[PROVIDED RECORDS Boundary: Start]

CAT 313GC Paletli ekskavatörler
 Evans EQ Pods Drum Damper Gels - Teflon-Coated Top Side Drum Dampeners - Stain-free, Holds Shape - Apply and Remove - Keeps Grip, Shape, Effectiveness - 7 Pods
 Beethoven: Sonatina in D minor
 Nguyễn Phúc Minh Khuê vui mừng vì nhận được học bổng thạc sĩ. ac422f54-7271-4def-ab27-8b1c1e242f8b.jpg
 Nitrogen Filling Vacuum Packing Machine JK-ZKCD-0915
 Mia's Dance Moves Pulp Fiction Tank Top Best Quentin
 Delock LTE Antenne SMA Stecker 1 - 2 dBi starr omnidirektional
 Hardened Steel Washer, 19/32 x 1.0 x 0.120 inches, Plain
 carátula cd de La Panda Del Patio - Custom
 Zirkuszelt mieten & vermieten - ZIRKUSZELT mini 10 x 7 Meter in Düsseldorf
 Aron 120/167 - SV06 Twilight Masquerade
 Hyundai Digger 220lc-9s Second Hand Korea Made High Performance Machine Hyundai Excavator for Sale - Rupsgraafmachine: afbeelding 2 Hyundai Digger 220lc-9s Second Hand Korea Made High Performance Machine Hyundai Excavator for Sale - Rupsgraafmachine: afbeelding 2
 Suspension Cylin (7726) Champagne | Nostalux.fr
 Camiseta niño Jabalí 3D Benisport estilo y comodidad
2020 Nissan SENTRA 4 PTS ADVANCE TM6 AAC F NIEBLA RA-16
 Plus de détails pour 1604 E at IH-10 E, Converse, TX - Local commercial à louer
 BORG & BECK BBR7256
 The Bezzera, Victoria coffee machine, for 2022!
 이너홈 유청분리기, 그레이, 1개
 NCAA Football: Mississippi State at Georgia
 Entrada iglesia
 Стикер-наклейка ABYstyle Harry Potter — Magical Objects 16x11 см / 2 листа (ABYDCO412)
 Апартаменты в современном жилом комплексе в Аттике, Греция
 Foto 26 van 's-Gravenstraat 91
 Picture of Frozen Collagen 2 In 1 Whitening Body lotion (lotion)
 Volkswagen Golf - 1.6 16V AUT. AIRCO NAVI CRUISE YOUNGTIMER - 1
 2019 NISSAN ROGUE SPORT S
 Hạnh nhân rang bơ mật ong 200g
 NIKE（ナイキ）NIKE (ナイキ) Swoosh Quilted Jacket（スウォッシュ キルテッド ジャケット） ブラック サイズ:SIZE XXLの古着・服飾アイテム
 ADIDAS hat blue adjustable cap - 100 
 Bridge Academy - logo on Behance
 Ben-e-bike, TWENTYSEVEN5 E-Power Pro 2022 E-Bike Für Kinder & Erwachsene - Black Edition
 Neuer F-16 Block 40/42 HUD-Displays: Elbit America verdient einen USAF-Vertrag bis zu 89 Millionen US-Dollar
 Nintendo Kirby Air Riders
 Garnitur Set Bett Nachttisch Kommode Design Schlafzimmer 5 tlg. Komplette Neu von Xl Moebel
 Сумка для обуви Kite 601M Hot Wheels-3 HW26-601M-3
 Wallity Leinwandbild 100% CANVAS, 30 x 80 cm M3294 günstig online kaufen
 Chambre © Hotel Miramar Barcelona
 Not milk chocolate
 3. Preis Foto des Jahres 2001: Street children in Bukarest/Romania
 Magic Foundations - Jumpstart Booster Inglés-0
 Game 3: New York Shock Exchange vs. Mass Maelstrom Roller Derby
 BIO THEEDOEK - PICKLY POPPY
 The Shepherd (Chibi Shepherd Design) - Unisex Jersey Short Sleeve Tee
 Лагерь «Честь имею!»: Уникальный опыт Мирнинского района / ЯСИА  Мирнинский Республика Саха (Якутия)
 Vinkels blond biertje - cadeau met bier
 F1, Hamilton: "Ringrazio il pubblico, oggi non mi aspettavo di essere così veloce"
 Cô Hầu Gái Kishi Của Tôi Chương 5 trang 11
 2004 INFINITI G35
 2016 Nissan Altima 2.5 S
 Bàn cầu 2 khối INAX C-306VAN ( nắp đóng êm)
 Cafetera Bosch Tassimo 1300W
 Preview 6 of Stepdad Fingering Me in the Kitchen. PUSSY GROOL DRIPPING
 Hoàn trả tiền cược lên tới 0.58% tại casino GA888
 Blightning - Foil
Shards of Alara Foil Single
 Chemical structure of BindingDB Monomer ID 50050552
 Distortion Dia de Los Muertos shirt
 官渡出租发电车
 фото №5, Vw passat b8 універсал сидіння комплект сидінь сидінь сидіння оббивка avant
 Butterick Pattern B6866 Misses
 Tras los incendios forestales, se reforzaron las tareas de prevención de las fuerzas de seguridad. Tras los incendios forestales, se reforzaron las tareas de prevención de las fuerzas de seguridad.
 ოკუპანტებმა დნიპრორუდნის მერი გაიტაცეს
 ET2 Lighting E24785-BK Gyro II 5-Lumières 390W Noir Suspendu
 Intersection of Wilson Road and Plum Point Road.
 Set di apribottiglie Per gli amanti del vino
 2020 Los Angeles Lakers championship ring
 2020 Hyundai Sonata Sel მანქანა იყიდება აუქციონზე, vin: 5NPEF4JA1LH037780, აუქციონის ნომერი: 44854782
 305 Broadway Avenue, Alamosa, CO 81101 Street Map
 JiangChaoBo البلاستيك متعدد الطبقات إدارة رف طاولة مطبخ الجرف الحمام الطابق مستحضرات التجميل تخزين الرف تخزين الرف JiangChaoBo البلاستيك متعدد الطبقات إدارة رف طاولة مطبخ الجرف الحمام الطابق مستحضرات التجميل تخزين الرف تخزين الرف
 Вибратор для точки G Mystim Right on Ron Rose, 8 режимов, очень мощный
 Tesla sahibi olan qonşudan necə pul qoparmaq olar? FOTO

[PROVIDED RECORDS Boundary: End]

[PROBLEM DETAILS]
In the records above, find every line with the word "Design" and copy it.

[ANSWER AREA]
 Garnitur Set Bett Nachttisch Kommode Design Schlafzimmer 5 tlg. Komplette Neu von Xl Moebel
 The Shepherd (Chibi Shepherd Design) - Unisex Jersey Short Sleeve Tee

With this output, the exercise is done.